_Work to be completed_. Every line containing "Blue" should be copied out. Go through the entries and find them.

[Dataset entries]
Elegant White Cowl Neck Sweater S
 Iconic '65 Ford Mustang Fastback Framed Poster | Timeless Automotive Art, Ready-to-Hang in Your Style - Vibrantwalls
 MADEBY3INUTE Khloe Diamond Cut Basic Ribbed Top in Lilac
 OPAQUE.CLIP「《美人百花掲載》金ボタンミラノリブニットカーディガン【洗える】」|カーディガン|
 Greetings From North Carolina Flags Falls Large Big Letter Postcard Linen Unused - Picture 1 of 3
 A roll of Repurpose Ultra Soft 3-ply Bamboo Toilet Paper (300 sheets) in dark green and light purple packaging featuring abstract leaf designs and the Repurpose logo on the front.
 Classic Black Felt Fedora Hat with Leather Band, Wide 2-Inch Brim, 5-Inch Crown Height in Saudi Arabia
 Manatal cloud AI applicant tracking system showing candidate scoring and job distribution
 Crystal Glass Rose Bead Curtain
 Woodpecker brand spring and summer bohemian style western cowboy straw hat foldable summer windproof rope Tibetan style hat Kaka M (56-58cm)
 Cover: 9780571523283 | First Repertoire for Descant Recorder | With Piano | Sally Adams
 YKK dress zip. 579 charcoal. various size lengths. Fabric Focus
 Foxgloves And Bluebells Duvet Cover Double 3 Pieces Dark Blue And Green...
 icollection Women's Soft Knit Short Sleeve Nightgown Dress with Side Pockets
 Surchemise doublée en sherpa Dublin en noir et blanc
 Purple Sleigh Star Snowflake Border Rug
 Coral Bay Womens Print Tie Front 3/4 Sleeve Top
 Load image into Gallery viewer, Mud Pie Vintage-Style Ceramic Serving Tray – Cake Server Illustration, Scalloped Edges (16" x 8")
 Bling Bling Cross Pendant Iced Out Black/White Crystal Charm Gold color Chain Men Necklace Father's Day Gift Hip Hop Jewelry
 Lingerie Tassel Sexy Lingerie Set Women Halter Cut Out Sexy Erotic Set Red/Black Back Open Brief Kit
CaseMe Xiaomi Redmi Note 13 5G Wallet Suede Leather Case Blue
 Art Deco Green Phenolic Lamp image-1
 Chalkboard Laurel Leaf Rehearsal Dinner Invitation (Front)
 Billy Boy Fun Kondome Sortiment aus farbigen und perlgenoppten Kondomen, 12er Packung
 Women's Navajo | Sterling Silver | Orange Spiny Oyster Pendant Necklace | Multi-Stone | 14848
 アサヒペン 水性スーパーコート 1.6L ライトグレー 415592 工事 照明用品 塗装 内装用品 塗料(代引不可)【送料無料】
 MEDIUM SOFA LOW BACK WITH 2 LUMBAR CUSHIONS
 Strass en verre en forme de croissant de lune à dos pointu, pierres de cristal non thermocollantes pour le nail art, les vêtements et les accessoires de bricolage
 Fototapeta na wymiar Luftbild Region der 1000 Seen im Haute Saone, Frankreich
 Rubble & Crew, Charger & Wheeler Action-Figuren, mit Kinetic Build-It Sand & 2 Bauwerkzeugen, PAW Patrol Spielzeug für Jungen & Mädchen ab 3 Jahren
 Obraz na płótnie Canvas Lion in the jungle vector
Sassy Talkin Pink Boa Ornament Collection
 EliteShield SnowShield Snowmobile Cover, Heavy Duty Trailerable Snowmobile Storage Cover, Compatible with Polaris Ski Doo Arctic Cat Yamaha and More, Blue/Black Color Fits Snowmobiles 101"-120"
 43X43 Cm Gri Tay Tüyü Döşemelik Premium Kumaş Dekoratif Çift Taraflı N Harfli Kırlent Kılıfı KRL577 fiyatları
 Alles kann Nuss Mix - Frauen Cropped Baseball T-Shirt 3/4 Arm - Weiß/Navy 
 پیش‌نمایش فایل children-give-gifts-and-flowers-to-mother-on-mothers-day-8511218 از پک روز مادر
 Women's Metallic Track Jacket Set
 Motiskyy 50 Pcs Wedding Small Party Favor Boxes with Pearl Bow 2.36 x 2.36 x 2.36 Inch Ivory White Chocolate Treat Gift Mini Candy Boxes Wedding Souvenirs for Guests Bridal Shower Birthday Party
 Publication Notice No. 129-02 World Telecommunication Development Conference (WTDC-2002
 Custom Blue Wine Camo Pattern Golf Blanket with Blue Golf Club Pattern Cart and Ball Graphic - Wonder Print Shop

_Response for this exercise_.
 Foxgloves And Bluebells Duvet Cover Double 3 Pieces Dark Blue And Green...
CaseMe Xiaomi Redmi Note 13 5G Wallet Suede Leather Case Blue
 EliteShield SnowShield Snowmobile Cover, Heavy Duty Trailerable Snowmobile Storage Cover, Compatible with Polaris Ski Doo Arctic Cat Yamaha and More, Blue/Black Color Fits Snowmobiles 101"-120"
 Custom Blue Wine Camo Pattern Golf Blanket with Blue Golf Club Pattern Cart and Ball Graphic - Wonder Print Shop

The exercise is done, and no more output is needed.